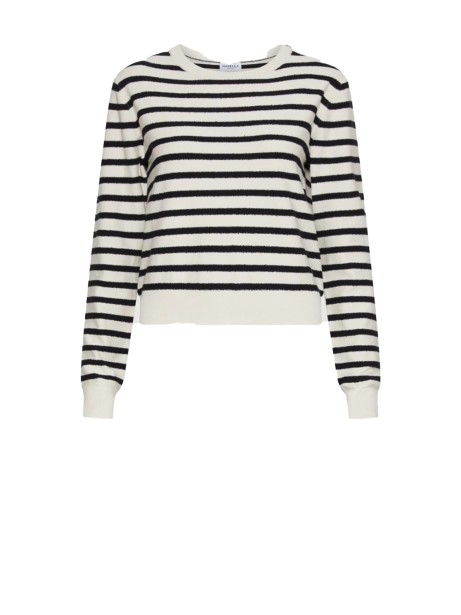 Striped Crewneck Sweater
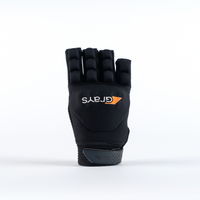 Hockeyhandschoen Anatomic Pro Glove Zwart - thumbnail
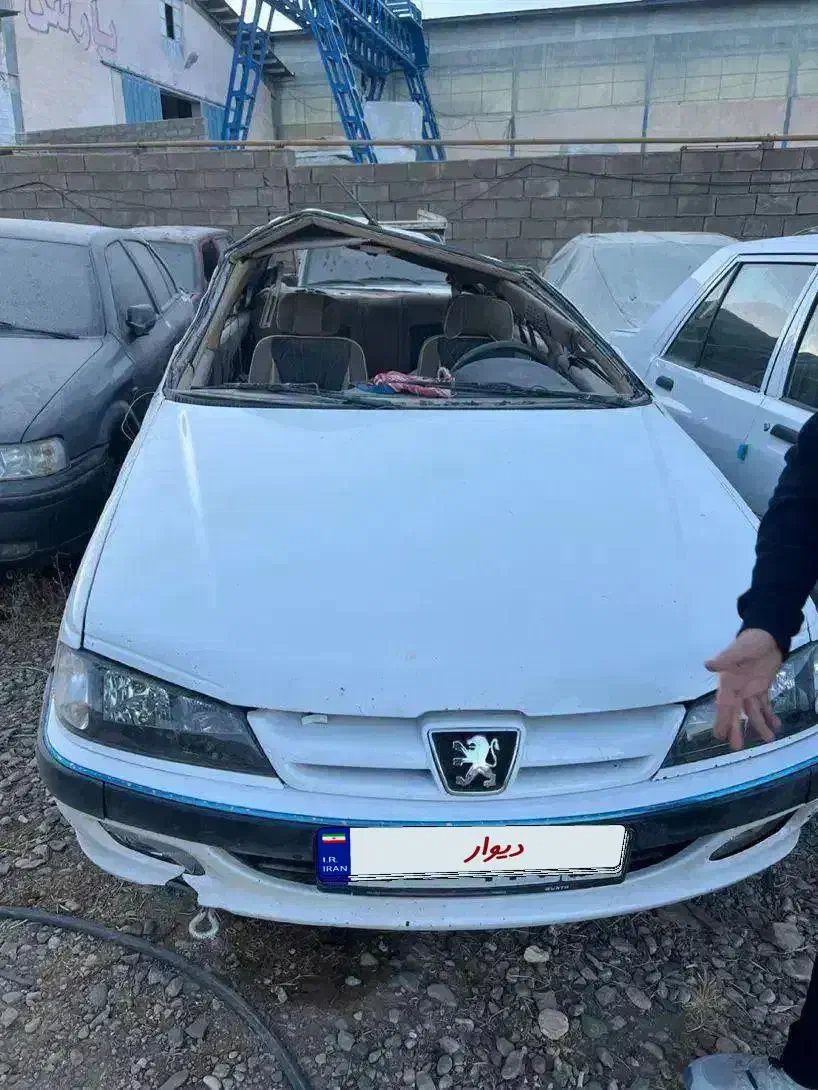 پارس تیوفایو دریچه سیم کلاس15|خودرو سواری و وانت|دورود, |دیوار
• • • • •
Extract the full listing above verbatim; pictures are to be left out of the copy.

### Answer for the task
 Striped Crewneck Sweater
 Hockeyhandschoen Anatomic Pro Glove Zwart - thumbnail
 پارس تیوفایو دریچه سیم کلاس15|خودرو سواری و وانت|دورود, |دیوار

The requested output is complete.